## [Try it]
Among the entries below, find the line with "Tony Romo S" and the line with "Mormons Western Track by Anonymous". Return exactly those lines and every line between them, but no pictures.

Listed entries below:

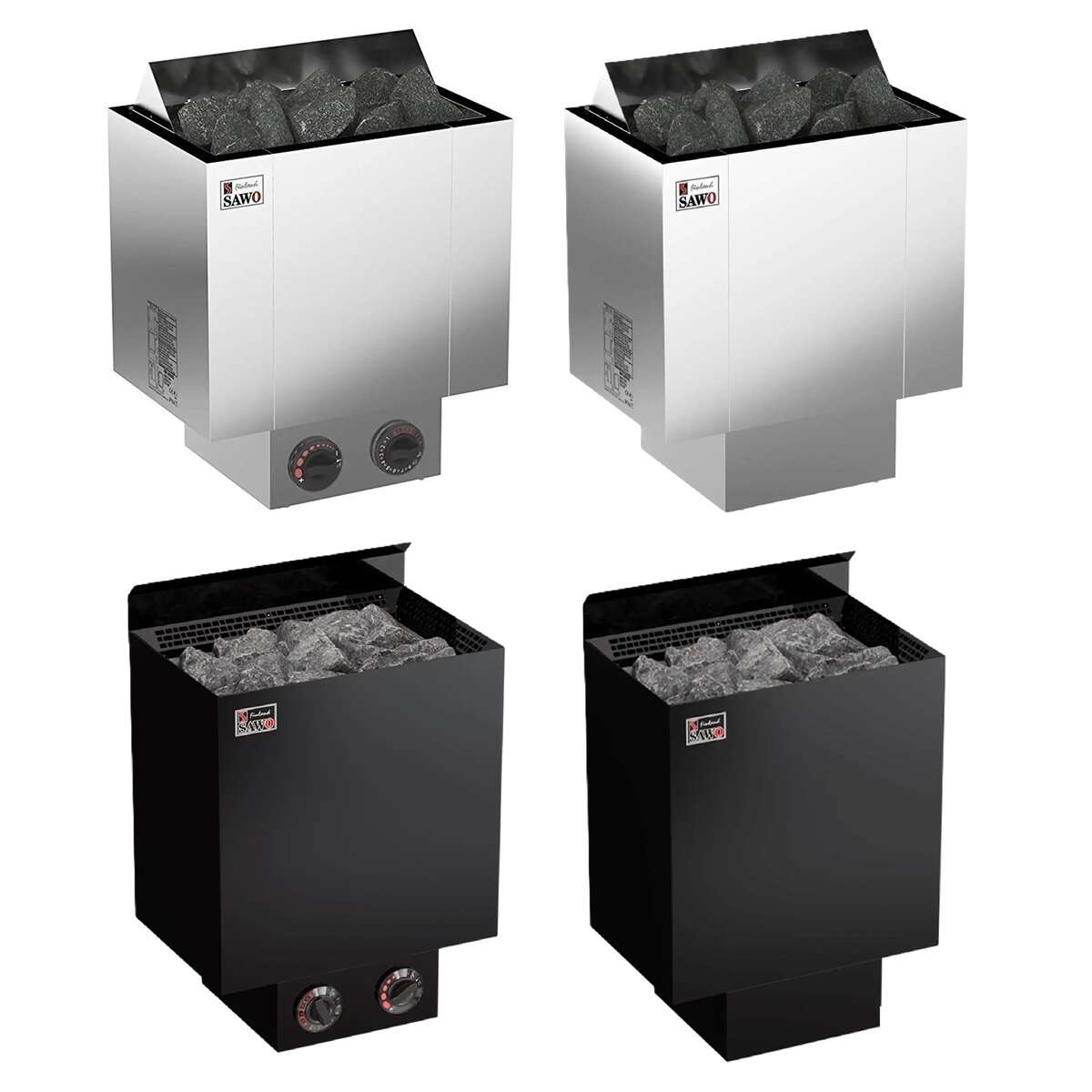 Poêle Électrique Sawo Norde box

End of Listed entries.
Listed entries below:

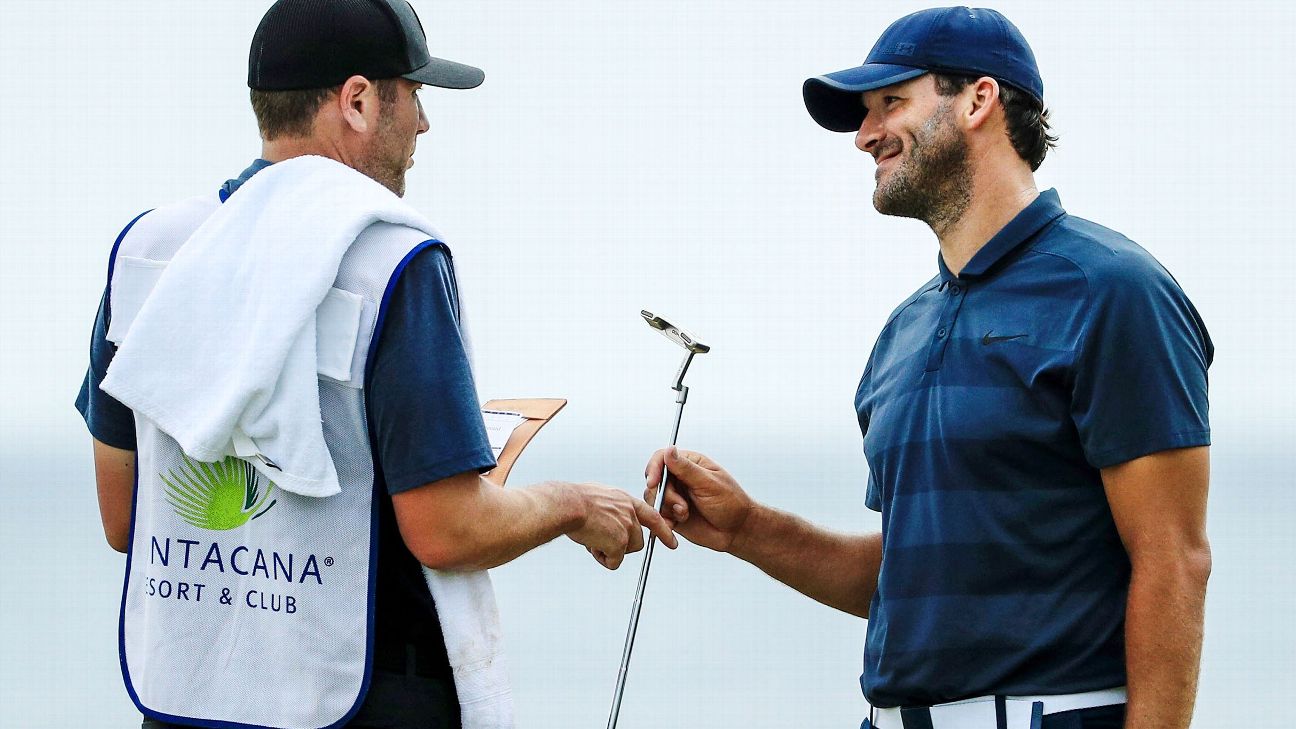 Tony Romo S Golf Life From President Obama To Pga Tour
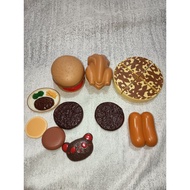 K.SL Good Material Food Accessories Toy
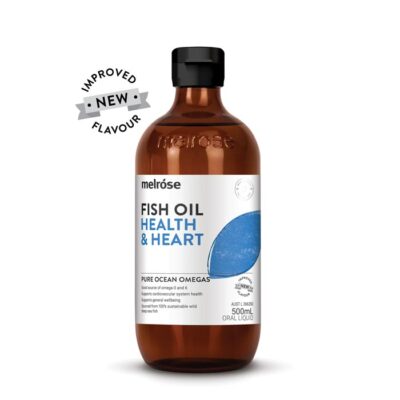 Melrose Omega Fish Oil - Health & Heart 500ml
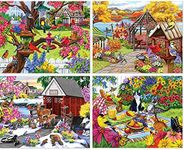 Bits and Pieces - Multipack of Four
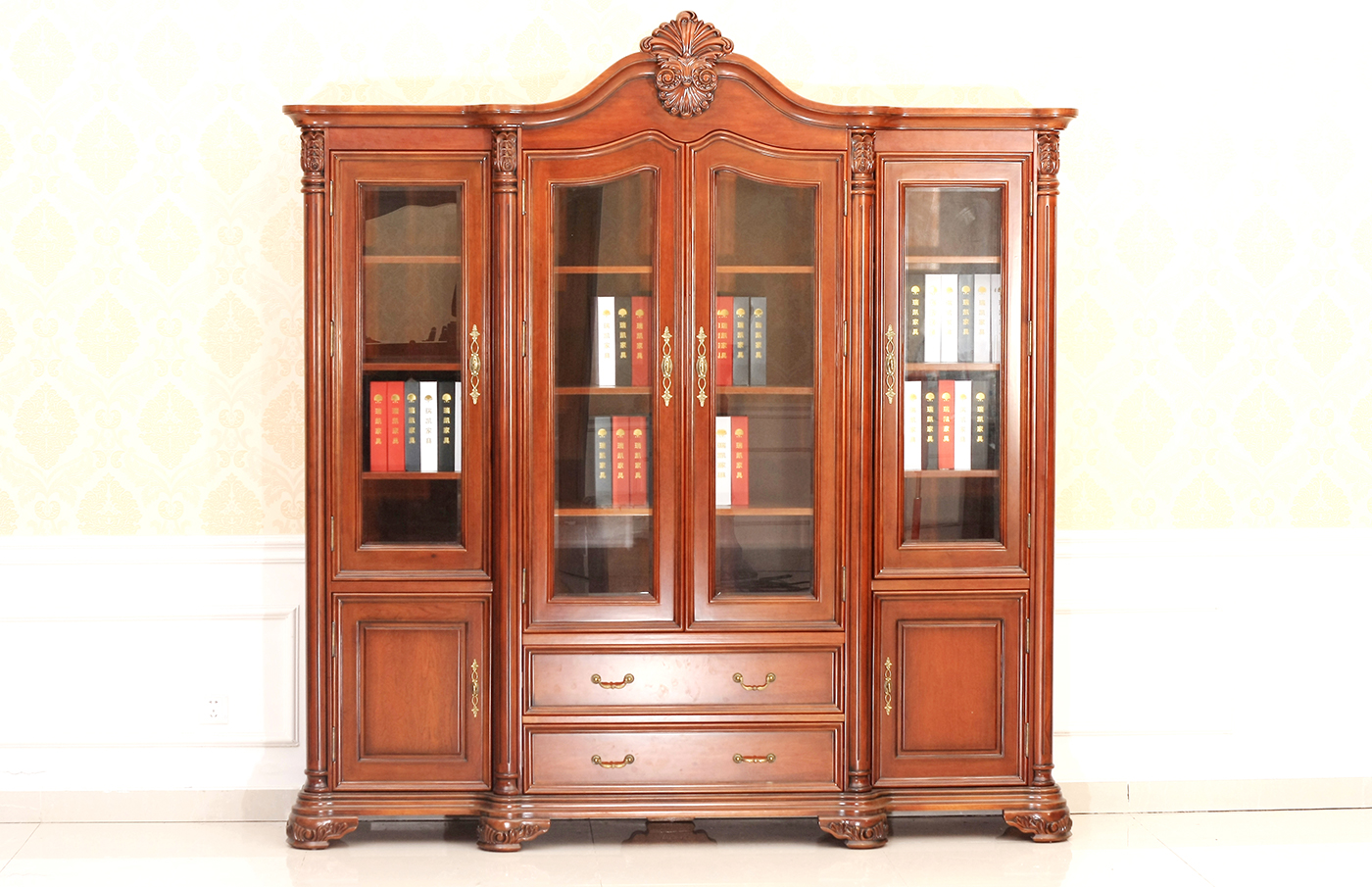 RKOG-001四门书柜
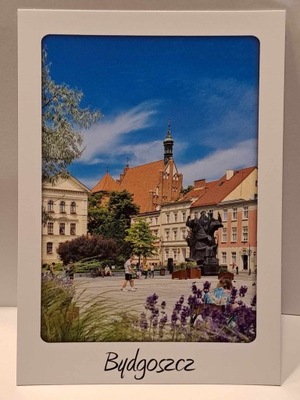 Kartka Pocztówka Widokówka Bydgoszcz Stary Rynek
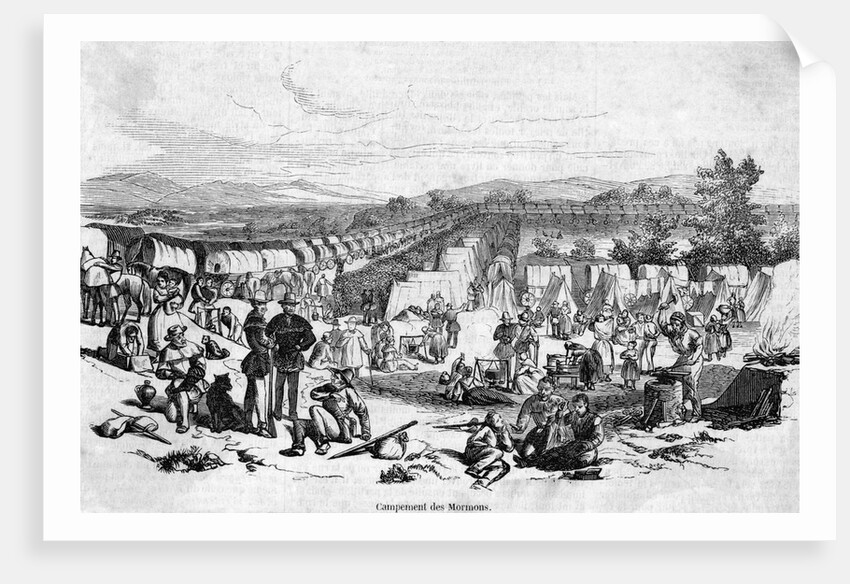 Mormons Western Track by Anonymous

End of Listed entries.

## [Response area]
 Tony Romo S Golf Life From President Obama To Pga Tour
 K.SL Good Material Food Accessories Toy
 Melrose Omega Fish Oil - Health & Heart 500ml
 Bits and Pieces - Multipack of Four
 RKOG-001四门书柜
 Kartka Pocztówka Widokówka Bydgoszcz Stary Rynek
 Mormons Western Track by Anonymous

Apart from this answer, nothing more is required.